>>>
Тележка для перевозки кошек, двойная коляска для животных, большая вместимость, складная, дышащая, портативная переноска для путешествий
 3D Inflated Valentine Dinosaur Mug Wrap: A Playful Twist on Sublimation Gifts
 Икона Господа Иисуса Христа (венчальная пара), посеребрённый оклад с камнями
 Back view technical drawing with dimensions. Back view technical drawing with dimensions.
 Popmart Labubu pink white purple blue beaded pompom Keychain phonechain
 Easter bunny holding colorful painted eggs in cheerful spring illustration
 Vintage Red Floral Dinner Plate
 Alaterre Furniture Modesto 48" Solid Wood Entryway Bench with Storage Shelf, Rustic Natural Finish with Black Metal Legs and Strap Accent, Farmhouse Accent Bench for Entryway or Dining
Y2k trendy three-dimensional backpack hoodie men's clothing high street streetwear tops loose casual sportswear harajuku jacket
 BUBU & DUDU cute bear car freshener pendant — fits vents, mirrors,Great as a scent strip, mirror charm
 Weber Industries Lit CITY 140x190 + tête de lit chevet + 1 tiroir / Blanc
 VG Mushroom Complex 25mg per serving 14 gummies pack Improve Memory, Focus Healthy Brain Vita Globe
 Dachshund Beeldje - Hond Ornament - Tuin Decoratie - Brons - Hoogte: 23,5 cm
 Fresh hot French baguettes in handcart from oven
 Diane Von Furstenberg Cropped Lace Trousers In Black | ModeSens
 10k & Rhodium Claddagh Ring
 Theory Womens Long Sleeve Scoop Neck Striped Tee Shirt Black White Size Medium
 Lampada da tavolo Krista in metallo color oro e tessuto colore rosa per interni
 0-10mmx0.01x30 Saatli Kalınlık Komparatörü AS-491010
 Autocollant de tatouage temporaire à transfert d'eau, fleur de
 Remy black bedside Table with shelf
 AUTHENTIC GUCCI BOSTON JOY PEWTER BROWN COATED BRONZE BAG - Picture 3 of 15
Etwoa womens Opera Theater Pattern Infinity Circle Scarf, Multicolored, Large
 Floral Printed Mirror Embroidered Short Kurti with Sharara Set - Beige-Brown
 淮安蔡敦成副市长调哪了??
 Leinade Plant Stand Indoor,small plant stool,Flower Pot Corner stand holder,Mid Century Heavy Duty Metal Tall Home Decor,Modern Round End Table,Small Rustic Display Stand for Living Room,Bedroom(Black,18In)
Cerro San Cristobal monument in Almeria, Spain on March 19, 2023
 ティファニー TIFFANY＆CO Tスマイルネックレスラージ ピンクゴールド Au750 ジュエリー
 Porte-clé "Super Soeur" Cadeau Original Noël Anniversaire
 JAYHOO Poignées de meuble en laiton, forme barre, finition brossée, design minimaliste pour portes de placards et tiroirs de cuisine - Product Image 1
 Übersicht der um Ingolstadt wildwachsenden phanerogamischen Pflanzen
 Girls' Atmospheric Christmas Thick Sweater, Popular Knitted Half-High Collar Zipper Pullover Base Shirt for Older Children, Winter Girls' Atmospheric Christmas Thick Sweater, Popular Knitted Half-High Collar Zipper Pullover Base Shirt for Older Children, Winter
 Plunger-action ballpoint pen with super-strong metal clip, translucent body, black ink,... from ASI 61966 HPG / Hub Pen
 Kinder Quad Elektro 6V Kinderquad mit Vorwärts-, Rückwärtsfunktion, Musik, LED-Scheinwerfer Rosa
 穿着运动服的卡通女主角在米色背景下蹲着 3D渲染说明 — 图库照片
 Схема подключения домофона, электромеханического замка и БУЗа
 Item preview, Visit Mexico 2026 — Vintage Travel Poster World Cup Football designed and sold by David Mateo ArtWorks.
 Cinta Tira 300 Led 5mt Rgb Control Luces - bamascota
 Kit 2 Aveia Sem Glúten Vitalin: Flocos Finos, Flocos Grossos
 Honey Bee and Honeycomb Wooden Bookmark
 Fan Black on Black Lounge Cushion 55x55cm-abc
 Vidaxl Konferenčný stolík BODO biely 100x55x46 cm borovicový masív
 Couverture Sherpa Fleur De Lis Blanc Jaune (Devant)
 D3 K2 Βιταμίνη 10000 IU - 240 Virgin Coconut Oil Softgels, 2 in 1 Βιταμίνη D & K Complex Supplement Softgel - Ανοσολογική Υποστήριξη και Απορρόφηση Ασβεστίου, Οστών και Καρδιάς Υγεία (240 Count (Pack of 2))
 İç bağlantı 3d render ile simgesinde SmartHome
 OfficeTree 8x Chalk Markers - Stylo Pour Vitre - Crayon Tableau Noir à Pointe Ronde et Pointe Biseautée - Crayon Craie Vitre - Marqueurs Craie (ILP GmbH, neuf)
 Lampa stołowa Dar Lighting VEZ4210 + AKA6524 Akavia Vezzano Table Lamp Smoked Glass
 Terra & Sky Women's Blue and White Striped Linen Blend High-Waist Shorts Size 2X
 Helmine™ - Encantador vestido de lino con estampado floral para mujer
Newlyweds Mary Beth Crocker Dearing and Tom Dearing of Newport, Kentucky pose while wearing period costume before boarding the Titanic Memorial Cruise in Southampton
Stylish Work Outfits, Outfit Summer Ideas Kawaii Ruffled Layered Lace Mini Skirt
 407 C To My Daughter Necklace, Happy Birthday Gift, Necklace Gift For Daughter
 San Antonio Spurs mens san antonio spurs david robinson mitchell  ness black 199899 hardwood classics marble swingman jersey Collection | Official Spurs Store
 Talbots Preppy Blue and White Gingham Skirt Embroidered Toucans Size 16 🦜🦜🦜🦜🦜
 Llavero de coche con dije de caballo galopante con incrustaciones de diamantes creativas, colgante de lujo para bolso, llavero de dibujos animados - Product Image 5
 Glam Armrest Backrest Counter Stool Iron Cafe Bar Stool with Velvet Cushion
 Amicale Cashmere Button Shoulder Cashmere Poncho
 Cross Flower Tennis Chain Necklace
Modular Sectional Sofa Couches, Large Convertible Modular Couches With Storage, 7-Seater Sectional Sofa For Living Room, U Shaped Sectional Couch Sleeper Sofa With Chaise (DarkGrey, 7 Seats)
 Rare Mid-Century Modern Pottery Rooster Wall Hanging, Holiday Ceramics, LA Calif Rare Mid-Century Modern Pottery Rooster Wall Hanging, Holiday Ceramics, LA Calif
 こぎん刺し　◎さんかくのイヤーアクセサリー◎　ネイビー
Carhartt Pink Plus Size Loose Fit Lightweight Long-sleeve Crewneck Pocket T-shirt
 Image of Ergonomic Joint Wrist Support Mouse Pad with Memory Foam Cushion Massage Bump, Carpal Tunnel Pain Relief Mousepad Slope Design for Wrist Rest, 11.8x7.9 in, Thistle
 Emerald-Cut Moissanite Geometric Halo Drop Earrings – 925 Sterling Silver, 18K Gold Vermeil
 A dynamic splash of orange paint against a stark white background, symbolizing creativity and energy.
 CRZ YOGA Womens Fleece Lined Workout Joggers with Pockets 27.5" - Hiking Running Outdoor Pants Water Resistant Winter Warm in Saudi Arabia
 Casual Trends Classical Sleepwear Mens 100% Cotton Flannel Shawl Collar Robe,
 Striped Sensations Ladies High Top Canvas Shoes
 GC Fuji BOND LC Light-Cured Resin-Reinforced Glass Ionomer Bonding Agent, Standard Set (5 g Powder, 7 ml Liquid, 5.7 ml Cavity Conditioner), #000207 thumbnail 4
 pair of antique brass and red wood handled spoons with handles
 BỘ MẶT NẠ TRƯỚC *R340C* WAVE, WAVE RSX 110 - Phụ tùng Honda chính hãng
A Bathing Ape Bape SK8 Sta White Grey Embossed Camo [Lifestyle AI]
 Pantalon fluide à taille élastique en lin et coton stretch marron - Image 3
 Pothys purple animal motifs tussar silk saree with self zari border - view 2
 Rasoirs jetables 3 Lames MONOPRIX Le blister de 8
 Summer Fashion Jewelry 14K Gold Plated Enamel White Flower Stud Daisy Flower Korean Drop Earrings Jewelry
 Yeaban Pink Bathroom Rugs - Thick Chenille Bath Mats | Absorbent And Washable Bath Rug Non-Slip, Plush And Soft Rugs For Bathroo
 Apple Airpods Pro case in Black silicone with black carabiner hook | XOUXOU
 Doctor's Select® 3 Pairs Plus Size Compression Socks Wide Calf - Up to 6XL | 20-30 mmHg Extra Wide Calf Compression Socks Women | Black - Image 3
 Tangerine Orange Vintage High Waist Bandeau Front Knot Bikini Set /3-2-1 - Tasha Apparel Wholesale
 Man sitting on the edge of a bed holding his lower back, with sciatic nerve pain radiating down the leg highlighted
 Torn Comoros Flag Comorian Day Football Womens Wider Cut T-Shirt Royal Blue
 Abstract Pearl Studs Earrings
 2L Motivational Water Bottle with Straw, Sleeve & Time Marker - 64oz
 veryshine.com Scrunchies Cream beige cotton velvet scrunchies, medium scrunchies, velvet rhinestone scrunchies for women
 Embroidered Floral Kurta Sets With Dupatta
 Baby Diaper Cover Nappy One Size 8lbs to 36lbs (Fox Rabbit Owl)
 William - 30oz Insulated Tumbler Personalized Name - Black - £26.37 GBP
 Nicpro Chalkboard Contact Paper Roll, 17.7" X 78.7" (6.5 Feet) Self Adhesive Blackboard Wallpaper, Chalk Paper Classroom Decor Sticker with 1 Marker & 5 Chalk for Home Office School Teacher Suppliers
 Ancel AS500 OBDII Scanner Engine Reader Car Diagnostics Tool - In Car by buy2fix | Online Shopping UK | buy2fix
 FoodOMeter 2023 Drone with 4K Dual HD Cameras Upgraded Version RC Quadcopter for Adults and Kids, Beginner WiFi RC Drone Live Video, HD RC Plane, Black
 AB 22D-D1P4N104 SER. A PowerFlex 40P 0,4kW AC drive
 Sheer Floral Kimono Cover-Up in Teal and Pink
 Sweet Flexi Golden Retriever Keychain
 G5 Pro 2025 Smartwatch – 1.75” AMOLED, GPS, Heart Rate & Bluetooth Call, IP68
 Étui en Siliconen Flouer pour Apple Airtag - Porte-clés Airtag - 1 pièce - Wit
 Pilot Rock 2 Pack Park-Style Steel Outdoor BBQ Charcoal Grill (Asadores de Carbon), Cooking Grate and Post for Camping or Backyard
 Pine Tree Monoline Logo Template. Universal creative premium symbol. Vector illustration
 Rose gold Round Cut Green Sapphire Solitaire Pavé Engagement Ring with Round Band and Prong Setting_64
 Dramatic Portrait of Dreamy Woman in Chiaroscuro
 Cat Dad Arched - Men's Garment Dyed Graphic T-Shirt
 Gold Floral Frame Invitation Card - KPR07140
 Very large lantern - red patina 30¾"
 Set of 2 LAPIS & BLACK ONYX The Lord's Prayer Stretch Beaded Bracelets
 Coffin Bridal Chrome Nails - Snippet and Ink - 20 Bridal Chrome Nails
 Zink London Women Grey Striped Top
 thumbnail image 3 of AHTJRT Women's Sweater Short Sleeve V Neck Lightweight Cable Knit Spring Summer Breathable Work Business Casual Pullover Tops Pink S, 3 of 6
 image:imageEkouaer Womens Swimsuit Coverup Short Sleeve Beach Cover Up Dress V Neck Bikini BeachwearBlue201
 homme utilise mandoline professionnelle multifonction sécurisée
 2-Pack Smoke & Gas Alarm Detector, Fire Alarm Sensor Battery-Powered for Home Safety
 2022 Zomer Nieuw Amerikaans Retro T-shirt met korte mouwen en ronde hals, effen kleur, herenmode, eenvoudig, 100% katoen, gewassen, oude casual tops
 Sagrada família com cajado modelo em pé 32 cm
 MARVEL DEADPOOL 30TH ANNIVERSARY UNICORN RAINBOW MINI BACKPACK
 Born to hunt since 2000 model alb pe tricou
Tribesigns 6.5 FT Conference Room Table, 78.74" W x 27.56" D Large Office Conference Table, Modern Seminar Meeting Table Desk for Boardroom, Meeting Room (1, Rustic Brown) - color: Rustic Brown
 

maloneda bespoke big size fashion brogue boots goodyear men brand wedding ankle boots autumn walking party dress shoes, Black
<<<
Task requirements
From the material above, set down exactly the lines starting at the one with "Baby Diaper Cover" and ending at the one with "Ancel AS500 OBDII", end lines included.

Output of the task
 Baby Diaper Cover Nappy One Size 8lbs to 36lbs (Fox Rabbit Owl)
 William - 30oz Insulated Tumbler Personalized Name - Black - £26.37 GBP
 Nicpro Chalkboard Contact Paper Roll, 17.7" X 78.7" (6.5 Feet) Self Adhesive Blackboard Wallpaper, Chalk Paper Classroom Decor Sticker with 1 Marker & 5 Chalk for Home Office School Teacher Suppliers
 Ancel AS500 OBDII Scanner Engine Reader Car Diagnostics Tool - In Car by buy2fix | Online Shopping UK | buy2fix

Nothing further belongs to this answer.